Man. I feel zombi-fied. Mark's been ultra tired, so he came home from his parenting class and took a 2 hour nap. No big deal really, except that by the time he got home, I was ready for a break . Having Emma pretty much solidly alone the past two days really makes me appreciate how nice it is to take after a 5 year old with significant help. Not only do we have each other, we only have her part-time. And yet it still seems trying at times. I don't know how the fuck I took care of 3 kids under 6 years old at the same time. With very little help. And a whole lot of scrutiny.
I know I was fried most of the time. Not baked fried, (you know, shibby) but just completely worn out. I did in-home day care for about 8 years during that time too, so not only were my children underfoot, I had other people's children all day too. Anyone who knows me much at all will attest that I generally do not like other people's children. I'm very judgemental of other people's parenting, and usually think that I have all the answers, all the time.
And in reality, I made more mistakes than I can count. I have regrets balled up, probably creating ulcers as we speak. But we really did have a pretty good time...most of the time.
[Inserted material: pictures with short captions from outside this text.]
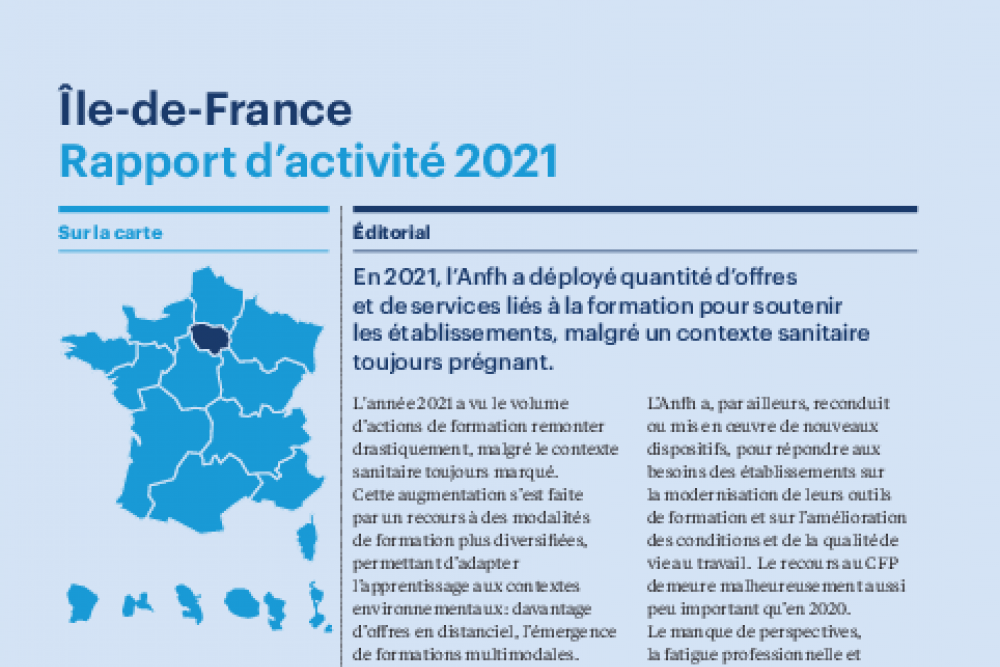 Rapport d'activité 2021 - Ile-de-France
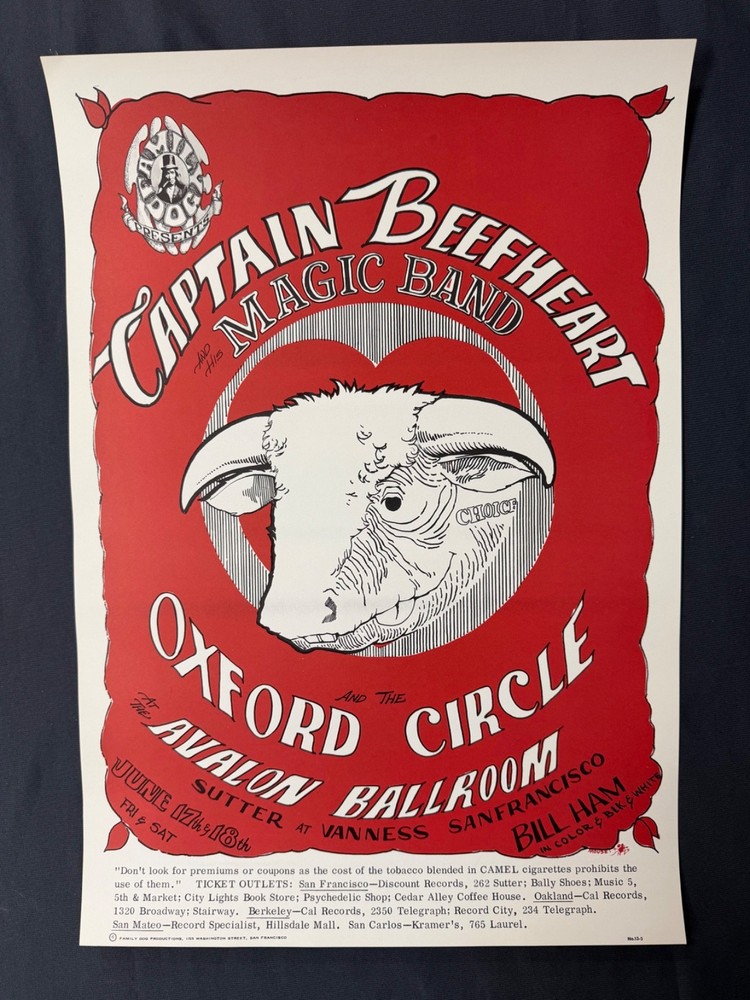 AVALON BALLROOM FD 13  poster MINT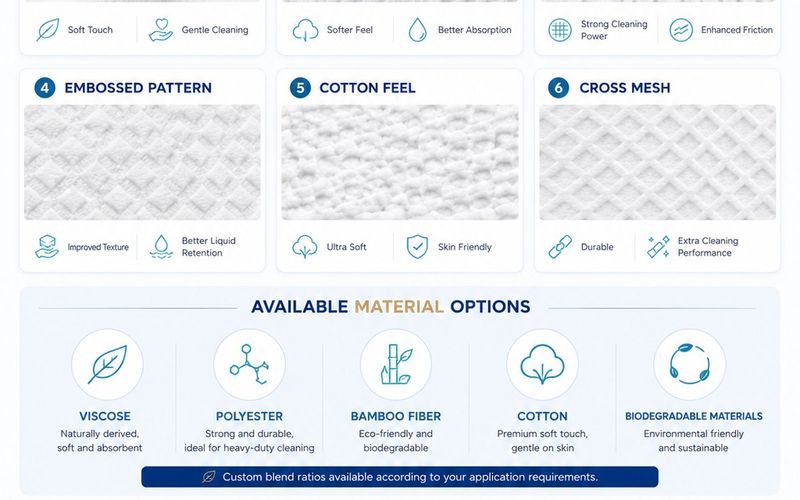 Nonwoven fabric options for wet wipes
It was hectic, but we seemed to work together pretty well, most of us.
The bad times were few, but alarmingly memorable.
I think I'm just too "settled" (read: old) to keep up with a toddler sometimes. I couldn't do it at this point in my life without the gracious way Mark tends to Emma. It would be very hard to stay with Mark if he was the type of dad Dan was. I couldn't do it emotionally alone again. Even with just one. Especially one that wasn't mine. Anyway...
Tonight I feel for Dy, who has this all the time.